## Given information
________
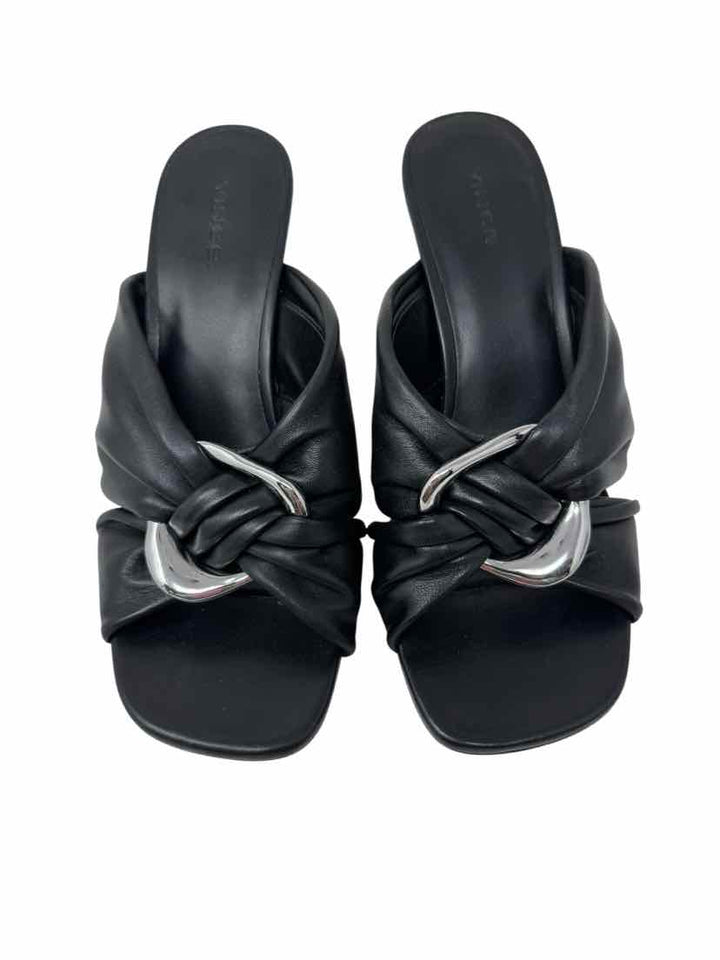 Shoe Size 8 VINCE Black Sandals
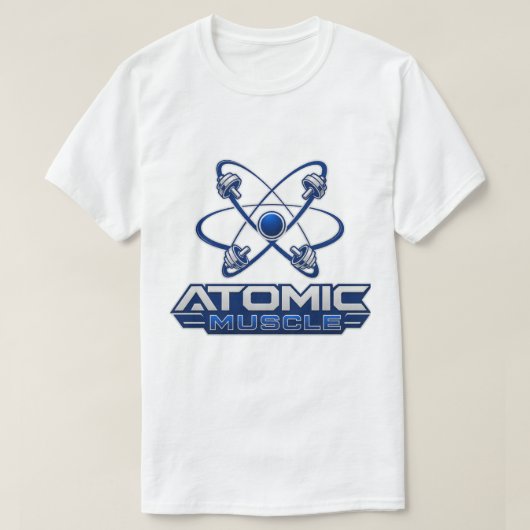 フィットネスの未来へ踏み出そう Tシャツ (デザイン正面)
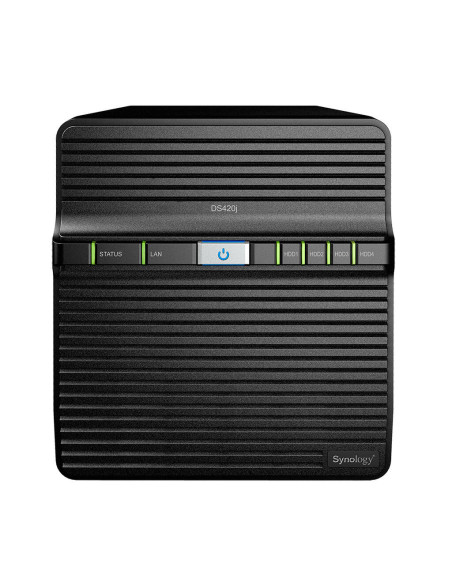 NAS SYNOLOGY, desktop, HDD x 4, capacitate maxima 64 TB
________
## Exercise goal
Leaving the pictures aside, transcribe the entire listing exactly.

## Response to the exercise
 Shoe Size 8 VINCE Black Sandals
 フィットネスの未来へ踏み出そう Tシャツ (デザイン正面)
 NAS SYNOLOGY, desktop, HDD x 4, capacitate maxima 64 TB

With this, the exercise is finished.